La Parigi di Simenon e Maigret, del Cinema, dei Bistrot, delle Canzoni, della Malavita.

Whisky Bar a Parigi il Fantasma di Hemingway

Whisky Bar a Parigi il Fantasma di Hemingway.

Un fantasma si aggira per le vie di Parigi. Uno solo direte voi? Certo che no. Ma è quello di Hemingway in particolare che vogliamo ritrovare. Dove cercarlo? Negli storici Whisky bar di Parigi naturalmente.

L'ingresso all'Harry's New York Bar di Parigi.
L'ingresso all'Harry's New York Bar di Parigi.

Il famoso distillato scozzese, naturalizzato americano, ha avuto un suo ruolo nella storia recente della Ville Lumière. Lo scrittore americano Ernest Hemingway è sicuramente quello che più di tutti ha legato il suo nome, contemporaneamente, alla città di Parigi e a quelle mecche del bere anglosassone che sono stati e ancora rimangono i mitici Whisky bar parigini.

Whisky a Parigi si dice Harry's New York Bar.

L'Harry's New York Bar di Parigi non è soltanto un luogo dove recarsi per gustare ottimi whisky: è un’autentica leggenda parigina!

Leggendaria la sua storia a partire dal suo fondatore: James Forman detto “Tod Sloan”, fantino statunitense fra i più grandi di tutti i tempi.

Lasciate le piste degli ippodromi, dopo aver vinto di tutto e di più, e dopo alcune esperienze nel cinema e nella Rivista, Tod Sloan si trovò per caso a Parigi nel 1911 e qui decise di rilevare un piccolo bistrot in rue Daunou numero 5.

Suo socio nell’impresa un newyorkese di nome Clancy, che possedeva un bar a Manhattan. Tutto l’arredamento del locale americano venne smantellato, trasportato a Parigi e reinstallato. Nacque così nella capitale francese il New York Bar.

Dietro il bancone un bartender d’eccezione: lo scozzese Hanry MacElhone, destinato a diventare un’autentica leggenda nel mondo dei barman. Il locale ebbe presto un buon successo, destinato ad aumentare con l’arrivo dei soldati americani durante la Prima Guerra Mondiale.

Dopo la guerra arrivarono a Parigi gli artisti americani come Ernest Hemingway, Francis Scott Fitzgerald, Siclair Lewis, ma anche sportivi come Bill Tilden e Jack Dempsey. Il successo del New York Bar sembra destinato solo a crescere.

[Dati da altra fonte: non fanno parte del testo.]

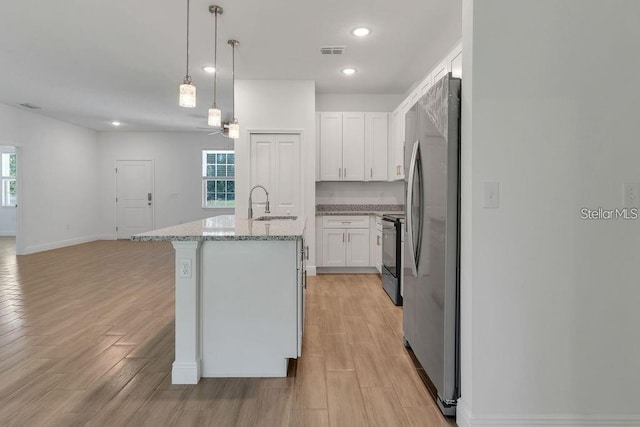 kitchen with white cabinets, light hardwood / wood-style floors, a kitchen island with sink, and appliances with stainless steel finishes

Ma il piccolo Tod Sloan era probabilmente più bravo con i cavalli che non negli affari e trovandosi in difficoltà economiche decise di vendere il bar e rientrare negli Stati Uniti. Così, nel 1923, al fantino americano subentra il bartender scozzese Hanry MacElhone, dalla professionalità sicura e dalla vita molto meno dispendiosa. Il nome del locale si trasforma così in quello attuale Harry’s New York Bar.

Come ho già ricordato Harry MacElhone non è solo un grande barman: è probabilmente il Barman per eccellenza.

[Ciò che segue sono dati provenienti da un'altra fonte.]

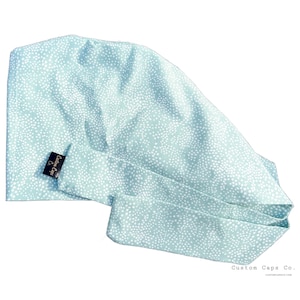 Può includere: Un berretto chirurgico blu chiaro con un motivo a pois bianchi. Il berretto ha un laccio sul retro e una piccola etichetta nera che dice "Custom Caps Co."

Alcuni dei cocktail più famosi al mondo sono nati dalla sua fantasia e dal suo mixer: Bloody Mary, Sidecar, Monkey Gland, White Lady e la prima versione (nel 1915) del French 75 (ispirato alla potenza di fuoco del cannone omonimo).

MacElhone ha raccolto in un libro tanta della sua esperienza. Un libro che non può mancare nella libreria di un vero bartender: Harry's ABC of Mixing Cocktails.

Dal 2011 sono i discendenti di questo formidabile bartender scozzese a continuare la storia e la leggenda del Harry’s New York Bar. Puoi trovare veri professionisti del cocktail, molta scelta di birra e almeno 300 qualità di whisky.

Alcuni cocktail come l’Harry’s Pick Me Up (grand marnier, cognac, champagne e succo d’arancia) o il Blue Lagoon (vodka, curaçao blu e succo di pompelmo) valgono il prezzo e la visita.